On the website you will find a dataset titled “Olympics”. It contains the number of gold, silver and bronze medals that various countries received in recent Summer Olympic games. The following scatterplot shows the relationship between the number of gold medals and the number of silver medals (so each dot corresponds to a particular country in a particular year). Describe the relationship between the two variables (outliers, form, direction, strength etc), with explanations. Why do you think they are related in the way they are? If there are outliers, look them up in the file and try to guess why they are there, etc.
The dataset on the website called “Voting” contains the percentages that the democratic party obtained on each state for the 1980 and 1984 elections. The following scatterplot compares 1980 and 1984 results. Each point corresponds to a state, and the values on the two axes are the percentages of democrat support in that state on the two elections. Describe the relationship, explaining both the overall pattern and anything that stands out. You should be seeing two clusters and a possible outlier. After looking up who the candidates were both times, and where they were from, explain the presence of the clusters and outlier. You may want to load the data set in RStudio to identify which states each point corresponds to. You can do so using the “Import Dataset” interface, then copying and pasting the dataset URL, then Update, and finally setting the Delimiter option to Tab. Then the name voting
corresponds to your data.
The following scatterplot is from the counties data and compares the percent of the population in a county that is over 65 years old with the percent that is under 5 years old. Describe the overall association, and provide some plausible explanation. Are there any outliers worth mentioning?

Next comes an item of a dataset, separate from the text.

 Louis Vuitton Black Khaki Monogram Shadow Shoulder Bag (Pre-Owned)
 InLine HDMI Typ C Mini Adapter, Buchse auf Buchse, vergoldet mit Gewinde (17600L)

The following stacked bar chart shows the relation between a person’s perceived health level and whether that person was ever told that they had a heart attack. Describe the relationship. What can we say about the relationship between health level and risk of a heart attack?
Consider the following data
x | 2 | 3 | 4 | 5 | 6 | 7 | 7 |
---|---|---|---|---|---|---|---|
y | 3 | 3.5 | 4.5 | 5.3 | 5.2 | 5.8 | 5.6 |
x | y | \(x-\bar x\) | \(y-\bar y\) | \((x-\bar x)(y-\bar y)\) |
---|---|---|---|---|
2 | 3 | |||
3 | 3.5 | |||
4 | 4.5 | |||
5 | 5.3 | |||
6 | 5.3 | |||
7 | 5.8 | |||
7 | 5.6 | |||
\(\bar x=\qquad\) | \(\bar y=\qquad\) | \(s_x =\qquad\) | \(s_y=\qquad\) | \(r=\qquad\) |
c. Draw a vertical line at the mean of x and a horizontal line at the mean of y, and explain what contribution the various points would be giving to the correlation coefficient.